Generally, regulations issued before January 20, 2017, that have been vacated or remanded by a court do not qualify as deregulatory actions under the EO. However, there may be individual cases that could be counted toward an agency’s cost savings target.

On the other hand, regulations overturned by Acts of Congress will qualify as deregulatory actions.

Waivers

Certain significant regulatory actions “might qualify” for individual waivers. These include emergencies addressing critical health, safety, or financial matter, or other compelling reason. Agencies should send waiver requests to the OMB.

Agencies may proceed with significant regulatory actions that need to be finalized to comply with an imminent statutory or legal deadline, even if they are not able to identify offsetting deregulatory actions.

Timeframe

Regulatory and deregulatory actions may be “bundled” in the same regulatory action, but the agency must clearly identify the specific provisions that are counted within the regulatory and deregulatory portions of the rules and the costs and costs savings associated with each.

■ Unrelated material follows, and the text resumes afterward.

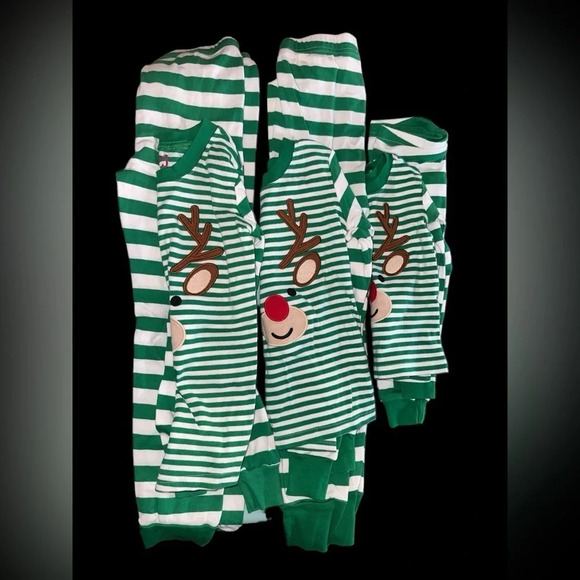 3 Unisex Reindeer Stripe Snug Fit Cotton Pajamas size 12/18m, 6 and 7 - Picture 2 of 7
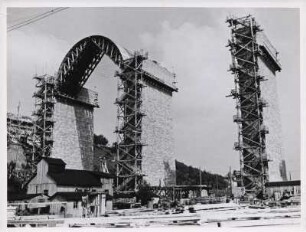 Baustelle einer Autobahnbrücke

The agency should identify all of the associated regulatory actions to be repealed, along with cost savings estimates, no later than the date of issuance of the corresponding new regulation. All of the regulatory actions scheduled for repeal must also be included in the Unified Regulatory Agenda.

To the extent feasible, regulatory actions should be eliminated before or on the same schedule as the new regulatory actions they offset. Where this is not possible, the agency should provide a plan for finalizing the offsetting regulation.

EO applies agency-wide

Note that the requirements of the EO apply agency-wide. This means regulatory savings by a component in one agency can be used to offset a regulatory burden by a different component in the same agency.

Additionally, agencies that are not able to generate sufficient savings to account for new regulatory actions may submit a written request to the OMB to transfer savings from one agency to another before they submit an action for review.

Already in the courts

On February 8, 2017, several environmental and worker advocacy groups sued the Trump administration in the U.S. District Court for the D.C. Circuit. The plaintiffs asked the court to block the EO and tell the federal agencies not to abide by it.

According to the groups, the EO is unlawful because agencies cannot comply with the order without violating the statutes under which they operate. For instance, the Clean Air Act requires the EPA to establish emissions standards and to review and update the standards to meet statutory criteria and stay in line with technological advances. Under the Clean Air Act, EPA promulgated the national ambient air quality standards (NAAQS), which prohibits EPA from considering costs when setting air quality standards.

In addition, the groups argue the EO countermands the Administrative Procedure Act.

As part of the lawsuit, the groups also want the court to declare the OMB interim guidance unlawful and set it aside.